_INPUT DATA:_
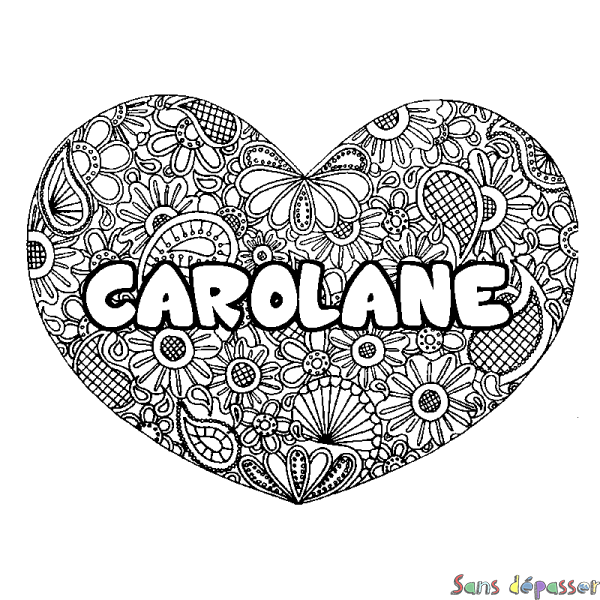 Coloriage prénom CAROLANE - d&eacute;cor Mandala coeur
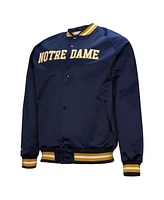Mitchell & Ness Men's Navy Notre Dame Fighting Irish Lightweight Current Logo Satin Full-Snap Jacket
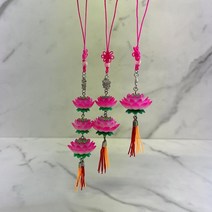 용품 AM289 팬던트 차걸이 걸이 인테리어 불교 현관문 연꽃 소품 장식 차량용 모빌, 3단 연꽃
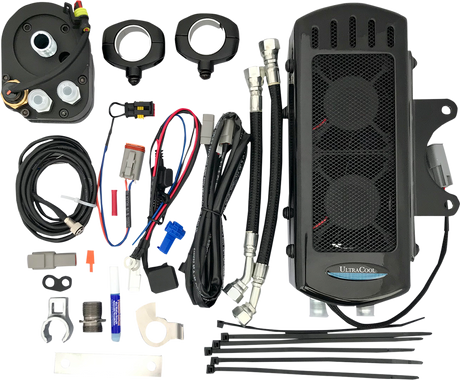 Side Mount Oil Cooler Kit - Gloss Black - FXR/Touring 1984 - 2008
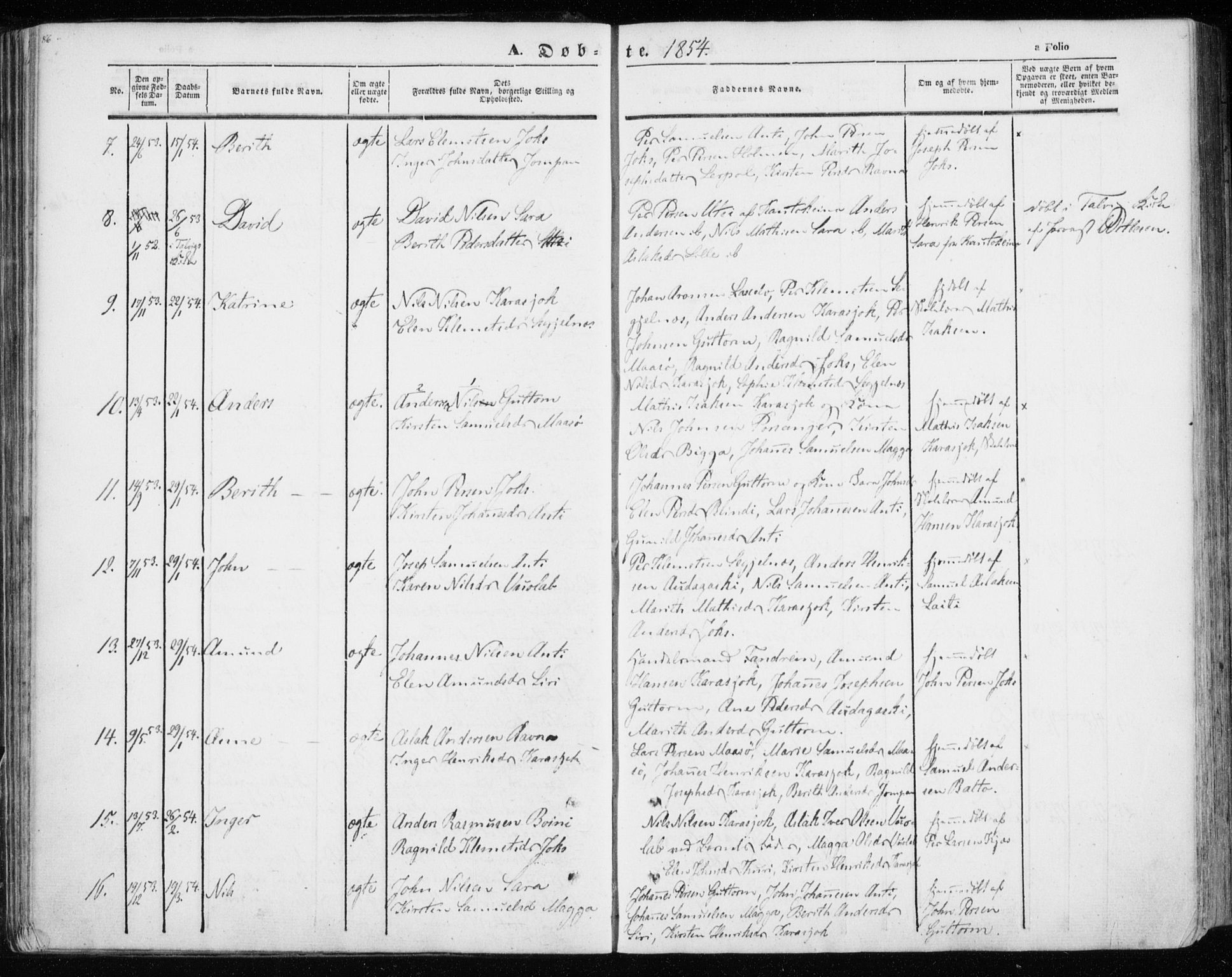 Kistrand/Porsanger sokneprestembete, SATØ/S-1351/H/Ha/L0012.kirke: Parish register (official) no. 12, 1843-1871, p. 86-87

* * *

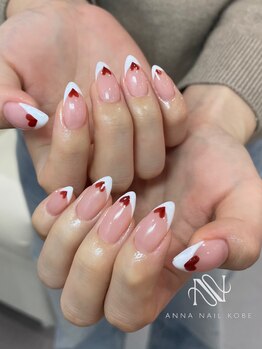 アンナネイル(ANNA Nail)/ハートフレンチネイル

_TASK:_ Would you output only the span of the records above that opens with the line containing "Mitchell & Ness" and closes with the line containing "1843-1871, p. 86-87", ends included and pictures dropped?

_RESPONSE TO THE EXERCISE:_
Mitchell & Ness Men's Navy Notre Dame Fighting Irish Lightweight Current Logo Satin Full-Snap Jacket
 용품 AM289 팬던트 차걸이 걸이 인테리어 불교 현관문 연꽃 소품 장식 차량용 모빌, 3단 연꽃
 Side Mount Oil Cooler Kit - Gloss Black - FXR/Touring 1984 - 2008
 Kistrand/Porsanger sokneprestembete, SATØ/S-1351/H/Ha/L0012.kirke: Parish register (official) no. 12, 1843-1871, p. 86-87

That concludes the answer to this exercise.